Dave Hughes, known for his comedy, provides a stark critique of Australia's economic management, aligning with reports from the OECD and Deloitte.

Comedian Dave Hughes might not be an economist, but his recent critique of Australia’s economic management has struck a chord with many. Hughes’ blunt assessment, delivered with his signature humor, echoes the concerns raised by the Organisation for Economic Co-operation and Development (OECD) and Deloitte.
The latest economic report card for Australia paints a grim picture, and Hughes’ perspective adds a layer of relatability to the complex data.
The OECD’s report highlights a significant decline in living standards for Australians since the pandemic. This decline is attributed to high inflation, which has eroded real wages by 5.1%.
While the average OECD country saw a 5% increase in real wages, Australia was among the few where the real minimum wage fell. Hughes’ colorful description of the government treating money like it was found in a sack by the river resonates with many who feel the economic policies are not working in their favor.
The Economic Report Card
The OECD’s findings are backed by Deloitte Access Economics, which warns of the longest stretch of weak economic growth since the early 1990s recession. These reports challenge Treasurer Jim Chalmers’ claims of strong economic management. Chalmers points to Labor’s unemployment record and smaller budget deficits, but the OECD’s data on inflation, interest rates, and real wages tell a different story.
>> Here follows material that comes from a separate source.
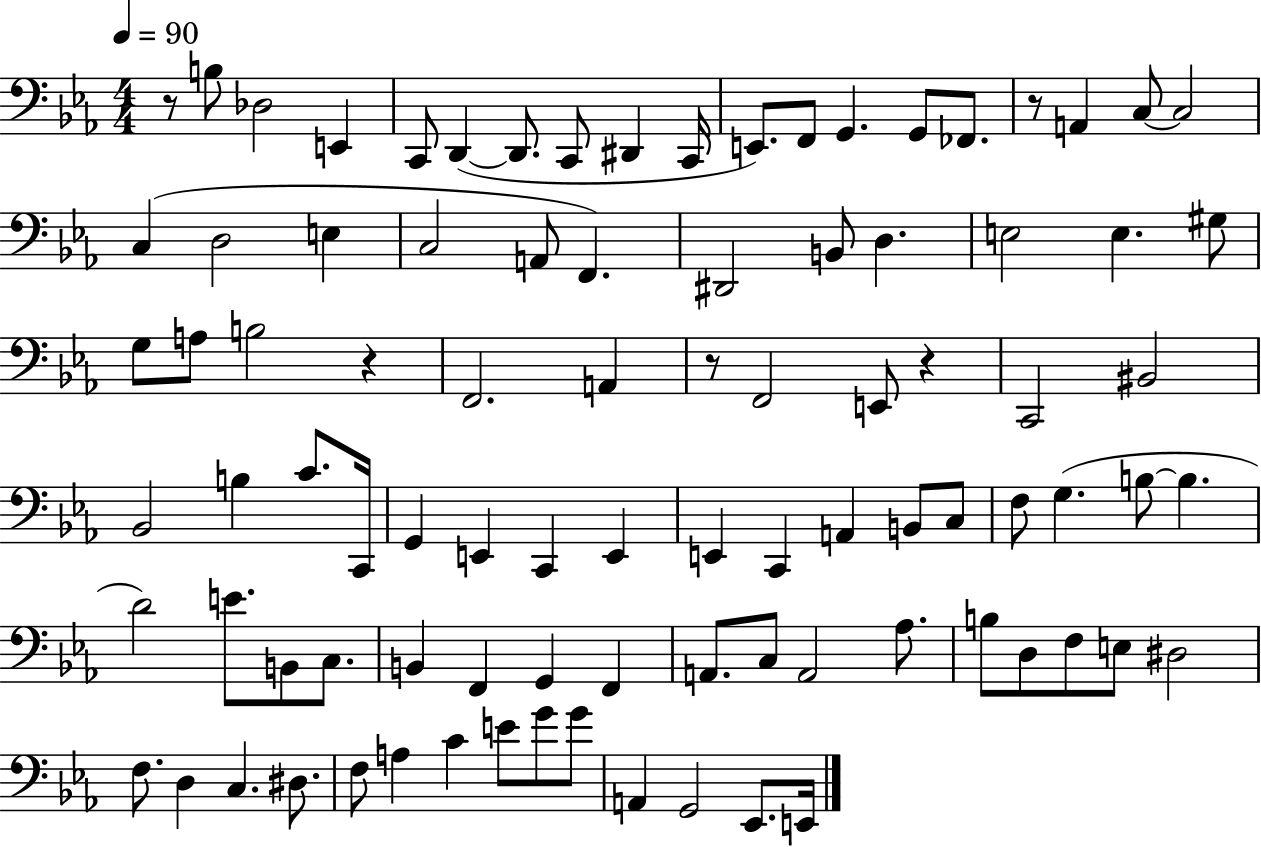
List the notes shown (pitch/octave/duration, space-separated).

R/e B3/e Db3/h E2/q C2/e D2/q D2/e. C2/e D#2/q C2/s E2/e. F2/e G2/q. G2/e FES2/e. R/e A2/q C3/e C3/h C3/q D3/h E3/q C3/h A2/e F2/q. D#2/h B2/e D3/q. E3/h E3/q. G#3/e G3/e A3/e B3/h R/q F2/h. A2/q R/e F2/h E2/e R/q C2/h BIS2/h Bb2/h B3/q C4/e. C2/s G2/q E2/q C2/q E2/q E2/q C2/q A2/q B2/e C3/e F3/e G3/q. B3/e B3/q. D4/h E4/e. B2/e C3/e. B2/q F2/q G2/q F2/q A2/e. C3/e A2/h Ab3/e. B3/e D3/e F3/e E3/e D#3/h F3/e. D3/q C3/q. D#3/e. F3/e A3/q C4/q E4/e G4/e G4/e A2/q G2/h Eb2/e. E2/s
Inflation since March 2026 has significantly impacted real wages, meaning Australians are earning less in terms of purchasing power. The OECD also notes that living standards in Australia and New Zealand are still close to their post-pandemic lows. The ongoing Iran war is expected to further impact inflation through increased petrol prices and other cost increases.
The Government’s Response
In response to the critical economic report, Treasurer Jim Chalmers highlighted Labor’s achievements in reducing unemployment and managing budget deficits. However, the OECD’s data on inflation and real wages present a contrasting narrative. Chalmers’ claims of higher wages and business investment are overshadowed by the reality of higher inflation and interest rates, which have negatively impacted living standards.
The smaller budget deficits mentioned by Chalmers are primarily a comparison to the large deficits created during the pandemic lockdowns. While Labor’s unemployment record is commendable, the The OECD’s report suggests that the government needs to address the issues of inflation, interest rates, and real wages to improve living standards.
Expert Insights and Future Outlook
Economist Stephen Smith from Deloitte Access Economics emphasizes the need for stronger productivity performance to improve living standards. He notes that strong population growth has masked weak underlying productivity, leading to slower economic growth. Many economists agree with Smith’s assessment and predict a period of slow economic growth similar to the 1990s recession.
Chalmers faces the challenge of reducing inflation and interest rates without a significant rise in unemployment. This task is easier said than done, but the government has less than two years until the next election to prove its critics wrong. As an Australian business owner and financial advisor, the hope is that the government can turn the economic tide, but the current outlook remains uncertain.
Dave Hughes’ comedic yet insightful critique serves as a reminder that economic policies have real-world impacts on people’s lives. Whether his predictions come true or not, the government must address the economic challenges to ensure a brighter future for all Australians.